8. On 2011-06-29, Tyler Tinsley said:

What prompts the player to think "I will take a stand here" is it something in the fiction? That would not really happen in my game because the fiction of a die roll or the fiction that sets a scene dont exist before mechanical choices are made and resolved.

My game has named powers and players activate them for their mechanical benefits, in practice these become extra sources of inspiration for players to draw from in their narration, they are not bound to these details but the game encourages their use in narration through a fan mail like mechanic.

There is no penalty for non-creative play or ignoring a particular point of the rules in narration but there is a reward if you reflect the game in an interesting way. I can trust most players to judge when they find something interesting.

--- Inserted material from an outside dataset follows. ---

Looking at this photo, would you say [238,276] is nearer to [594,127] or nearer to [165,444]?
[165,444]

That reward is the little bit of uphill flow I think is necessary for some players to narrate their actions. even if they fail a roll they can still gain chips if they narrate it right.

I have been playing with my project for I guess a little over a year? 10+/- sessions all with different people. in that time this flow has worked very well with most everyone, old pros and new youngsters, there have been a few exceptions, some people are really tied to the Pre-Roll narration pattern. I suspect they will have to work a little harder at this, for them it's like their first time walking across an invisible bridge.

Maybe it would be helpful if I describe how more aspects of a game functions with a downhill flow? Am I making sense?

 



9. On 2011-06-29, stefoid said:

Please do.

 



10. On 2011-06-29, Tyler Tinsley said:

I can only describe how my game is doing This, there are other solutions.

Before you can narrate your first scene in an rpg you need to establish a bunch of things.

WHO is there, WHAT do they want, HOW do they get it.

Solve for WHO by making characters. this follows a procedure like normal and it also involves the GM creating NPCs and such.

Solve for WHAT by telling people WHAT! In my game you are bounty hunters the "WHAT" is to hunt bounties. What is the premise of the game not a choice. This premise sets the scene structure. The type, order and stakes of each scene in a session are predetermined.

first a scene that gives the bounty hunters a lead on the location of the bounty, then a scene where the hunters find the bounty followed by a scene where the hunters try to capture the bounty. This structure is static but it is important to know that it also contains a wide breadth of variation because it is full of systematic choices and repercussions.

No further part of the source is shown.